The community recognition policy is in place to bring “public awareness to special occasions and events which enhance the health, welfare, safety and cultural diversity of the community.”

The policy’s purpose is to recognize individuals, groups, and businesses for their “exemplary commitment to demonstrating excellence which contributes to enriching the quality of life in Didsbury."

During the Nov. 10 council meeting, Coun. Bill Windsor spoke against the motion.

“This is an individual who this council stripped the community leadership role to the Canada 150 celebration because he deliberately and maliciously attempted to sabotage council’s recreation survey,” said Windsor. 

“Council also approved invoicing this individual for the staff time costs associated with identifying and filtering that attempted sabotage; an invoice that remains outstanding.”

Windsor said he would not be voting in support of the motion.

“This is an individual who continuously criticizes, attacks and conjurors distain towards this council in news and social medias,” he said. “Giving recognition would be a public embarrassment, disrespected the efforts and energies of a multitude of other volunteers in our community and our town staff. I cannot support this motion.”

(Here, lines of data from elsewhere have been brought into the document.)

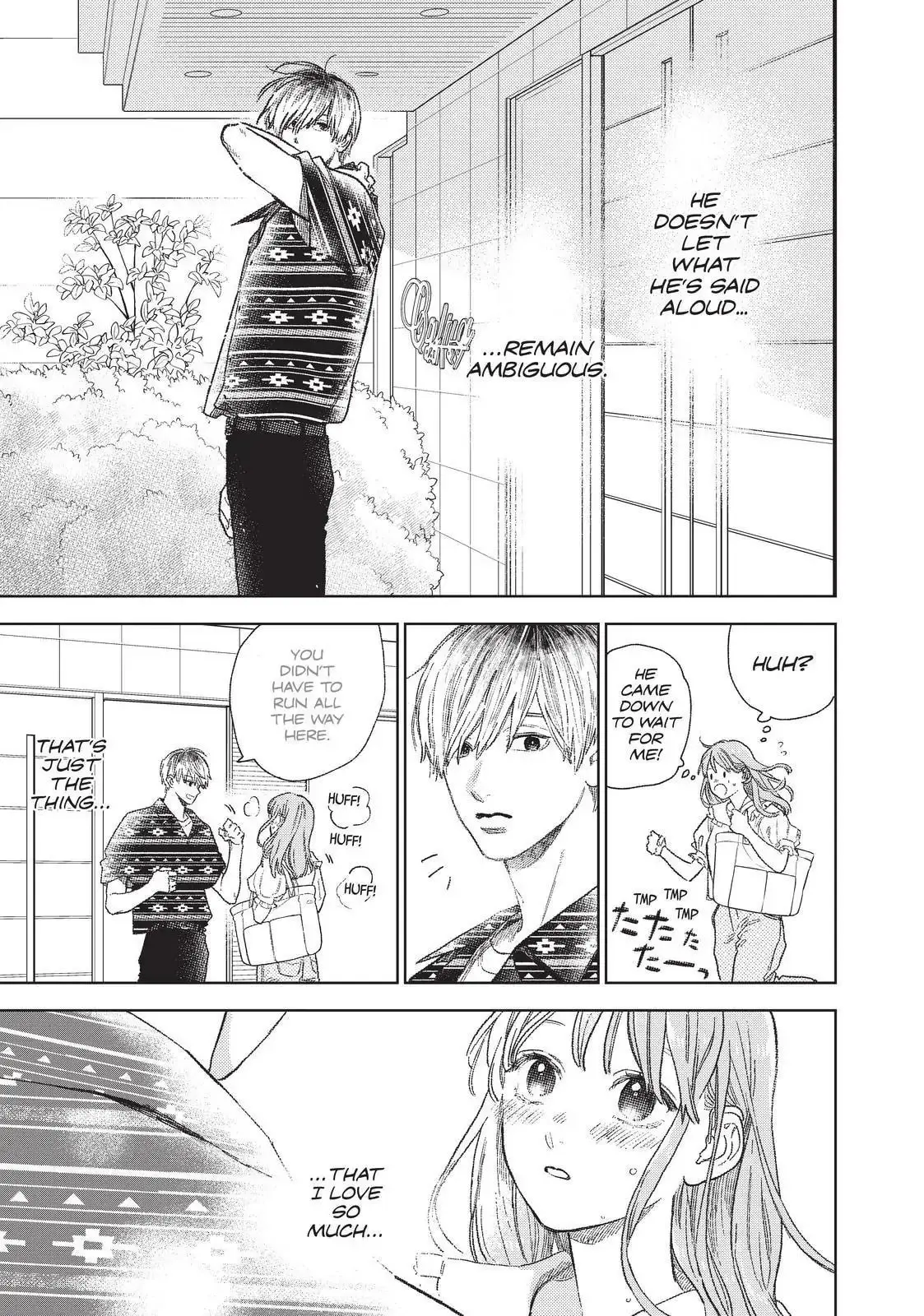Yubisaki to Renren - Chapter 28 - Page 9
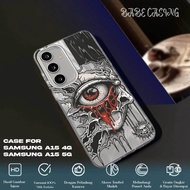 CASE SAMSUNG A15 4G / 5G CASING HANDPHONE SAMSUNG A15 4G FEATHER LASER PREMIUM MATTE - BPMD MOTIF - 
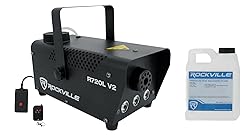 Rockville Fog/Smoke Machine w/Remote+Fluid+Multi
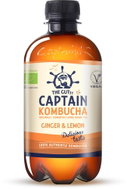 Captain Kombucha Ginger, lemon 400 ml - Drink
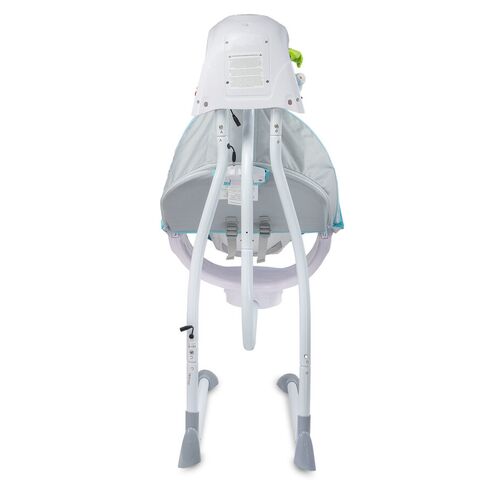 Leagan electric Caretero BUGIES Grey, Culoare: Gri,poza 2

None of the other councillors commented on the motion during the council meeting. In calling the vote, Town of Didsbury Mayor Rhonda Hunter did not say who voted for or against.

Following the meeting, Hunter said the vote was five for and two against. 

As part of the award, Bentley will receive a letter of recognition from the mayor on behalf of council.

For his part, Bentley has said he undertook the Moose Project to promote community spirit.

“It’s all about putting smiles on people’s faces,” said Bentley.

In May 2019, Bentley sent a letter to the Town of Didsbury taking responsibility for submitting 766 responses to the recreation survey, which ran from March 18 to April 19, 2019.

“I am writing today to confirm I, and only I, am responsible for the submission of additional outlying plan survey results beyond my own,” he said in the letter.